You must have seen this option on countless apps and websites on the sign-in page. Right below where you enter your user name/ID and password, there is a checkbox saying something to the effect of ‘Keep me signed in. While the description is obvious for most people, what does it really mean and should you check that box? Is it safe what else happens when you tick the ‘Keep me logged in’ box?
Let us see what does “Keep me signed in” mean and how it works.
- What Keep Me Signed In Means
- Browser Cookies and How They Work
- Should You Use Keep Me Signed In
- Wrapping Up: Keep Me Signed In
What Keep Me Signed In Means
Basically, when you tick that checkmark before signing in, it means you will stay logged in until you sign out manually or cookies stored by the website in your browser are deleted.
Let’s take an example. You sign in to your Facebook account once and you don’t have to worry about entering email ID and password again. You will remain signed in even if you close the tab in which the site was open. In fact, closing the browser won’t sign you out either. Launch the browser and open Facebook or any site where you select ‘Stay signed in’ checkbox and your home page/account will load right up.
In some case, depending on site’s policy and your computer settings, you will stay signed in even if you restart your computer.
At this stage, everything depends on how long the cookie stays saved in the browser. If you ticked the ‘keep me signed in’ box in Chrome browser and then open the same site in Firefox, you will need to sign in again. This is because the cookie was saved in Chrome browser. So, what is this cookie anyway we keep referencing to?
Related: How to Stop an App from Using Cellular Data on Android
Browser Cookies and How They Work
Cookies are basically information packets that websites store in your browser. They can only store text and not anything else like images for example. This reduces the space they require significantly.
Browsers allow users to delete these cookies selectively or all at once. This option is available in browser settings. Here is how it looks in Chrome.
There are options to whitelist or blacklist sites allowing/disallowing sites from storing cookies on your computer. It depends on how much you trust the site in question. You can auto delete cookies when you close the browser meaning you will be signed out only when you shut down the browser app and not when you simply close the tab. Closing and re-opening the website tab won’t sign you out.
Clearing cookies will not only log out from services and web apps, you will also lose any unsaved work like unsubmitted forms or unsent mails.

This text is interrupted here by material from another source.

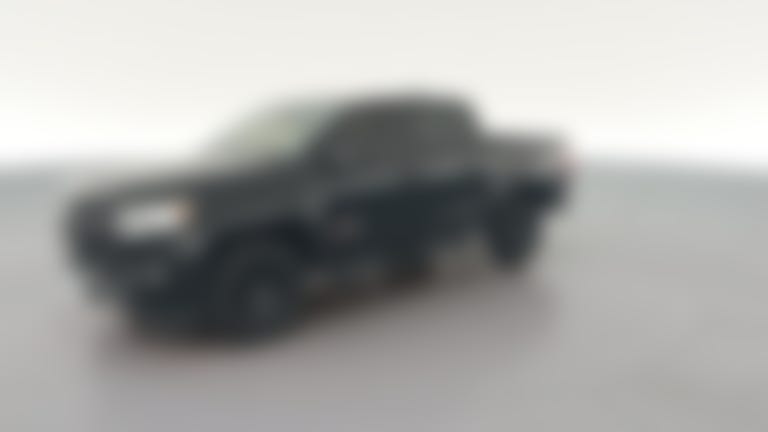 2021 Chevrolet Colorado Crew Cab vehicle photo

Should You Use Keep Me Signed In
The answer would totally depend on your circumstances and how you use this feature and where.
We recommend using the ‘Keep me signed in’ option only on your personal computer or laptop. If you are using a public computer like that in an office or cyber cafe, others could easily access your profile or account. All they have to do open the website and they are in your account. Your personal, professional, and even financial life could be jeopardized because of this.

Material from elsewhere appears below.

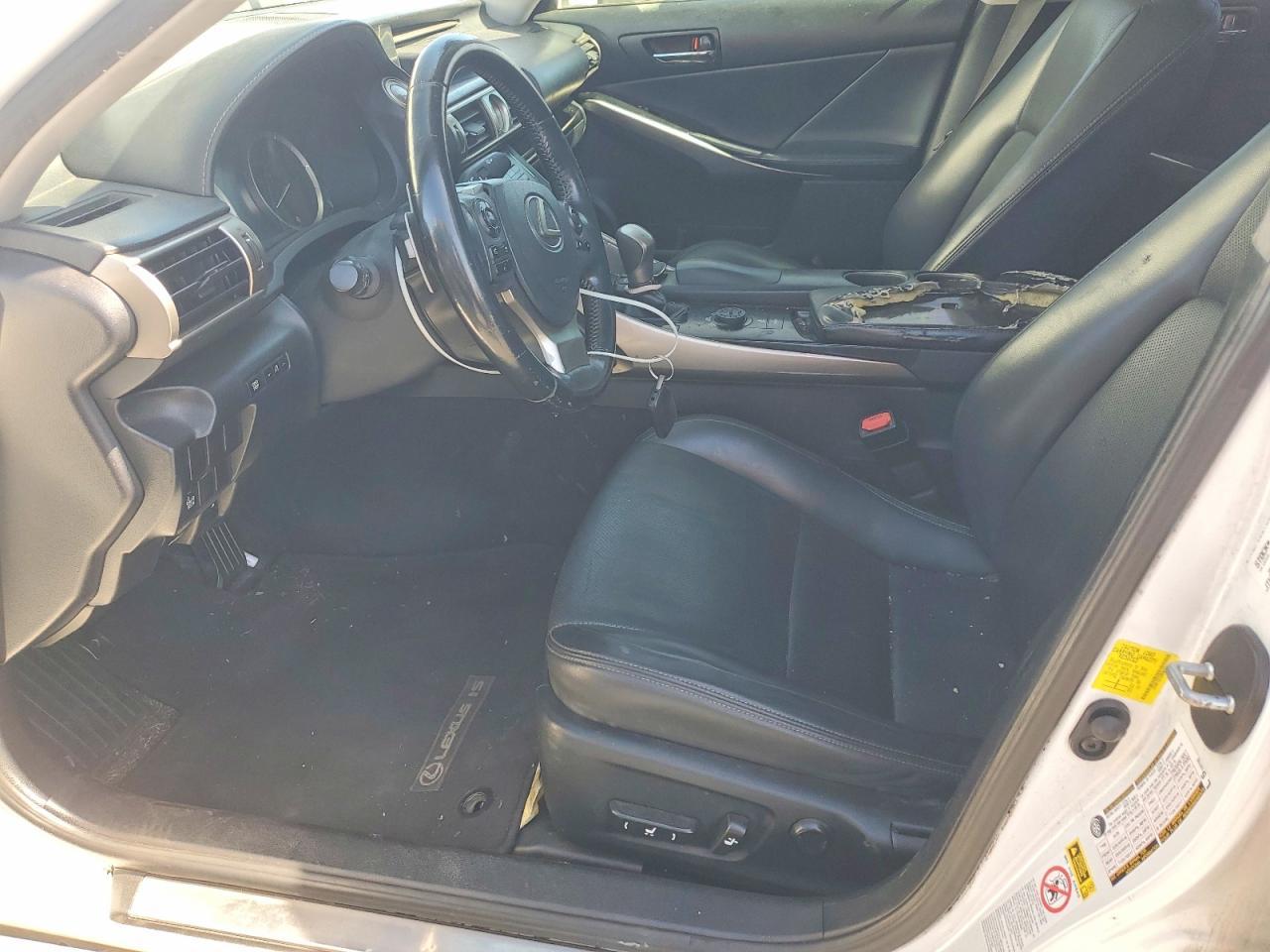 2014 Lexus Is 250 - Фото 7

Even when you are on your home computer, it maybe a good idea to not use the ‘Keep me logged in’ option. That’s because your spouse, children, or even maid could access the computer and that’s not a good idea if you have something to hide or not confident.
If you keep your personal computer locked using a pin or biometric password, then that’s a different matter. Then it’s totally safe to use this option and stay logged in to any site or service. Just be mindful of your surroundings and always lock your computer before you walk away for a cup of coffee, for example. The same goes for those using a personal computer in an office environment.

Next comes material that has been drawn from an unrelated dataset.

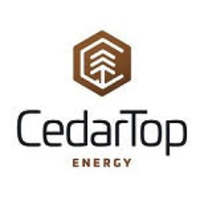 CedarTop Energy logo, CedarTop Energy contact details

Related: How to Remove Cookies From iPhone
Wrapping Up: Keep Me Signed In
The idea is neat and no doubt useful to many users. It will save you a lot of time that would be otherwise wasted signing in. You won’t have to remember passwords but that could also be solved with a free/paid password manager.
Just remember not to use this option accidentally when using a public computer or when you are afraid someone might discover what you are up to in the home/office. Your safety is in your hands.